Deborah Phippard, PhD: I was going to say, the big wins always help, right? Whenever I see an article pop up in the mainstream papers like The New York Times, where they suddenly get all excited about dosing in Huntington disease because it's an intractable disease, it has a horrible outcome, it happens to adults, and there's a lot of emotion around it—you see a very successful clinical trial in a disease like that and everybody gets very excited. It was the same when we spoke earlier about sickle cell disease—there's been no real therapies, and suddenly there's a big jump. I think things like that very much help the field because you can see what's possible.

I think a lot about rare disease versus less rare disease versus common disease, and I would love to see CAR-T therapies work in solid tumors. There's all sorts of challenges to get that to work. I think there's still a lot of research that has to happen before you're going to see something that works very well in hematological malignancy move to a solid tumor, but there's so much unmet need there that people will keep working on that.

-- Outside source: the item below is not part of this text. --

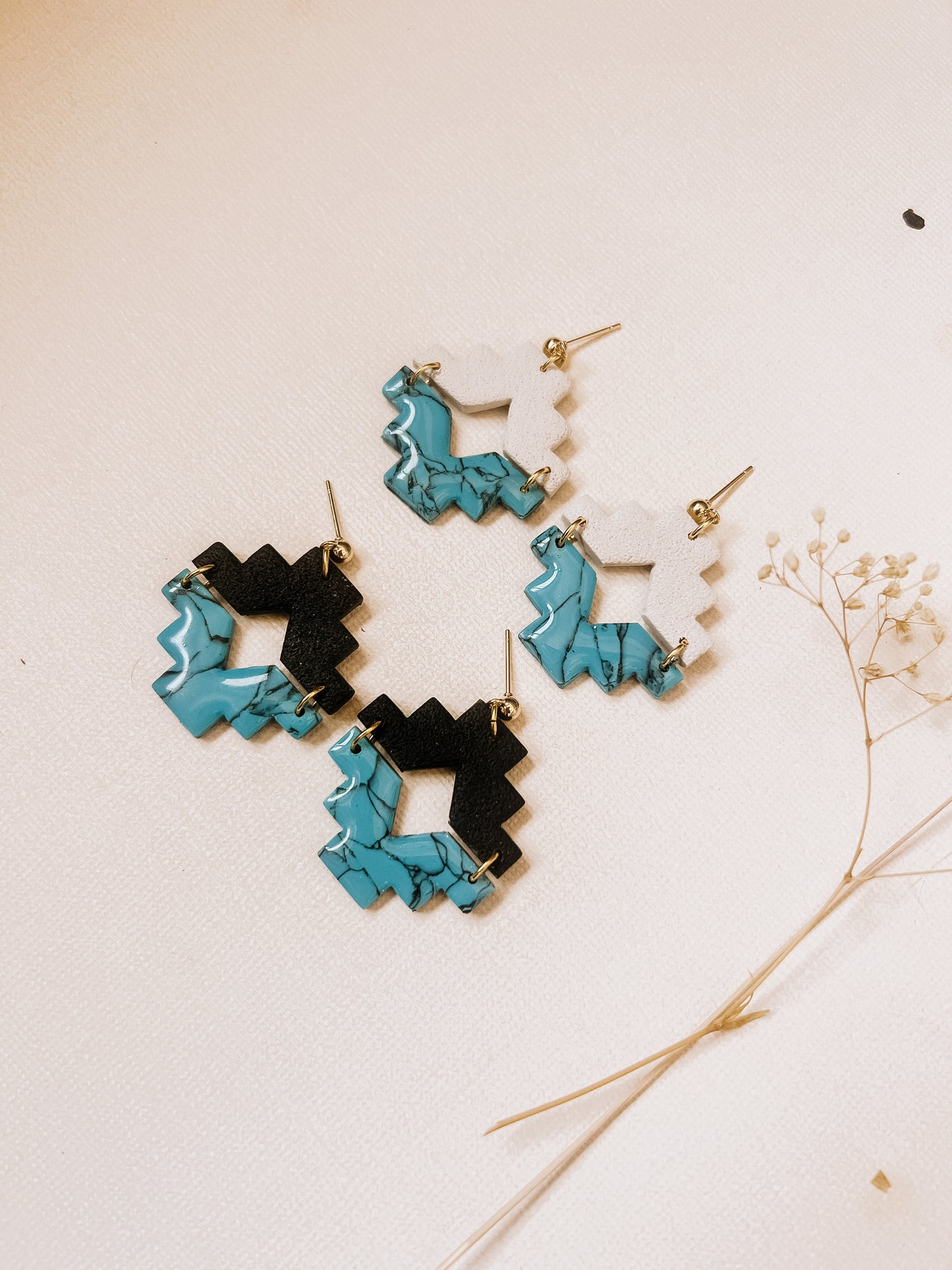 Half Turquoise Dangles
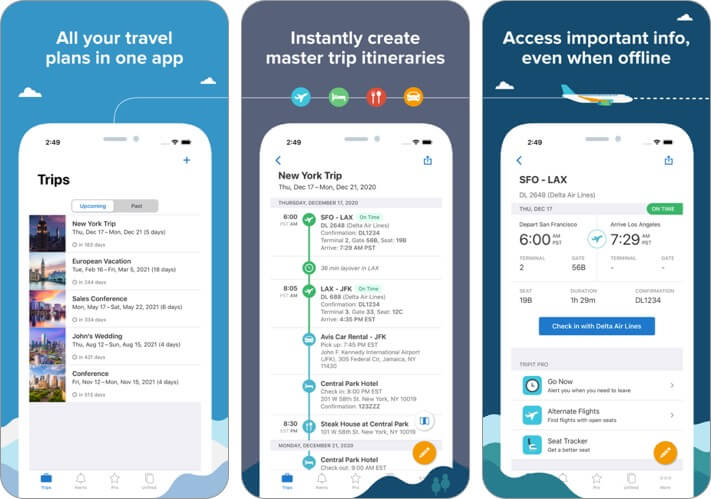 tripit trip planner iphone and ipad app screenshot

I think people don't necessarily think about the fact that rare disease as an aggregate is actually the most common disease. There are just so many diseases that sit under that umbrella and there's a lot of patient organizations really advocating for their particular disease. You can't do anything about most of those diseases except gene therapy. They're just fundamental mutations where you need to give a protein back or turn off a defective protein. To me, not working on those diseases would be such a shame because you can have massive impact. I'm probably getting a little off topic here, because it comes back to cost. Because you can fix something, you still have the question, is it financially feasible to do it? I think yes, eventually, I think we're going to get to being able to do those types of things. There's still so much we have to do. We're going to be here in 25 years time, Renier and I will be at the end of our careers, sitting here gray-haired, thinking, "Oh my god, 25 years ago, we thought we would be further ahead!"

To me, I see a lot of promise in really getting into the precision medicine side of it. So what do I mean by that? Cardiovascular disease is the biggest killer still, globally. Companies like Tenaya Therapeutics are looking down at what drives specific cardiomyopathies. There's underlying gene mutations that cause that. They're thinking about gene therapy that really affects those cardiomyopathies and potentially cures those diseases. Remember, with gene therapy, you're not looking at controlling symptoms, you're looking at potential cures. That's a real different mindset when you might think about dealing with cardiomyopathies. There's a big paradigm shift in my mind that if you truly understand what's driving the disease, you don't just say, "Oh, it's heart disease"—that is a massive pleiotropic disorder, where we can keep chipping away at that. So I feel that where we're going to see incremental improvement is in really understanding what's driving a disease. I mean, we've been doing this for cancer for years. We say "breast cancer", but anybody who works in the field knows there's all these different molecular drivers that sit behind that and we've got different therapeutic regimes depending on what that driver is. I sort of feel cell and gene is in that same space. We're in that personalized medicine space. And it's not easy, it does come down to rare subsets, but there is so much promise that the field is just excited about what we can do.

This transcript has been edited for clarity.